The process of deleterious mutation accumulation is influenced by numerous biological factors, including the way in which the accumulating mutations interact with one another. The phenomenon of negative mutation-to-mutation interactions is known as synergistic epistasis (SE). It is widely believed that SE should enhance selective elimination of mutations and thereby diminish the problem of genetic degeneration. We apply numerical simulation to test this commonly expressed assertion.

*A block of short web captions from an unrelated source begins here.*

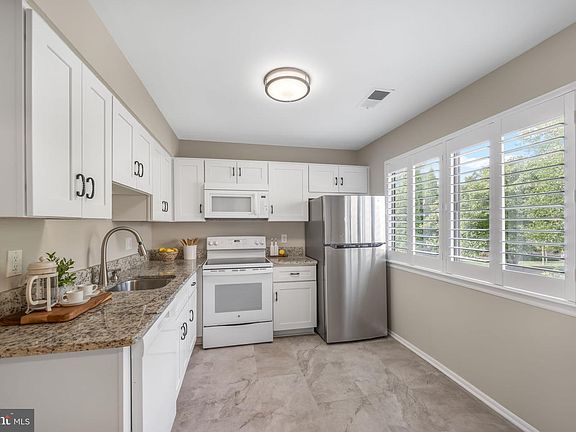 4th image of 2534 Glengyle Dr #171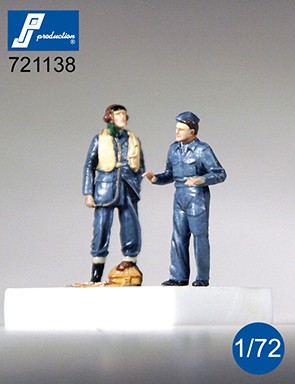 RAF pilot & mechanic, standing, WWII, 2 figures.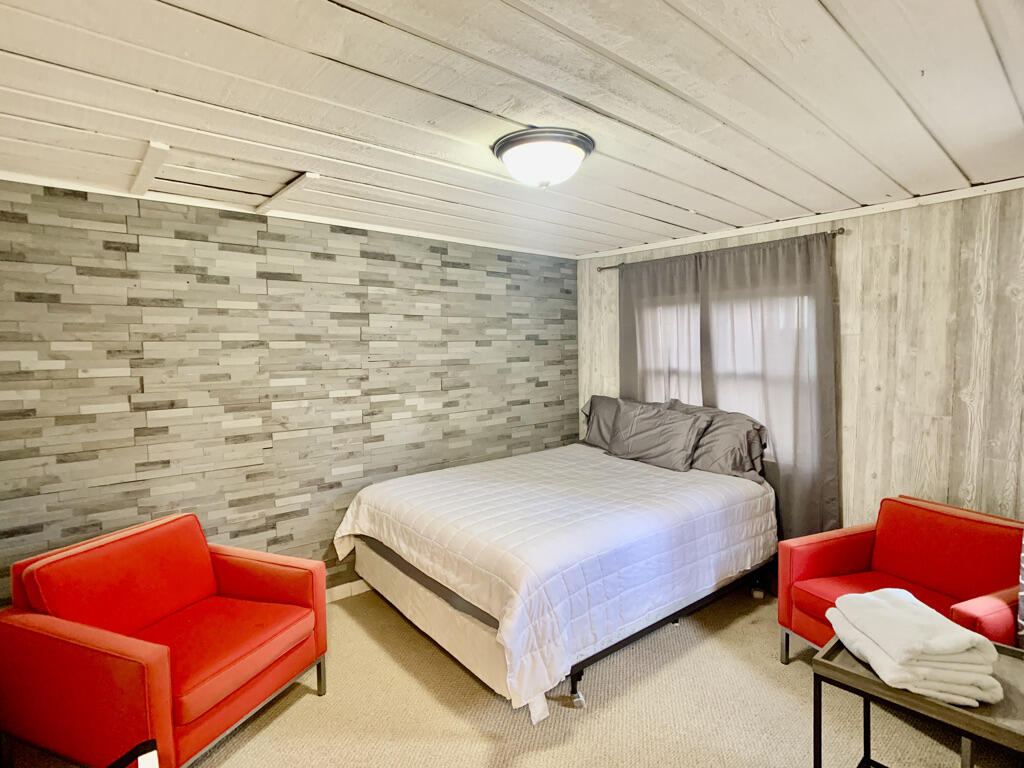 5537 Lakeshore Avenue Holland, MI 49424 - Photo 16 of 24 CD5F683E-16E3-4486-9611-5198FCB7580B_1_1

We find that under biologically realistic conditions, synergistic epistasis exerts little to no discernible influence on mutation accumulation and genetic degeneration. When the synergistic effect is greatly exaggerated, mutation accumulation is not significantly affected, but genetic degeneration accelerates markedly. As the synergistic effect is exaggerated still more, degeneration becomes catastrophic and leads to rapid extinction. Even when conditions are optimized to enhance the SE effect, selection efficiency against deleterious mutation accumulation is not appreciably influenced.
We also evaluated SE using parameters that result in extreme and artificially high selection efficiency (truncation selection and perfect genotypic fitness heritability). Even under these conditions, synergistic epistasis causes accelerated degeneration and only minor reductions in the rate of mutation accumulation.
When we included the effect of linkage within chromosomal segments in our SE analyses, it made degeneration still worse and even interfered with mutation elimination. Our results therefore strongly suggest that commonly held perceptions concerning the role of synergistic epistasis in halting mutation accumulation are not correct.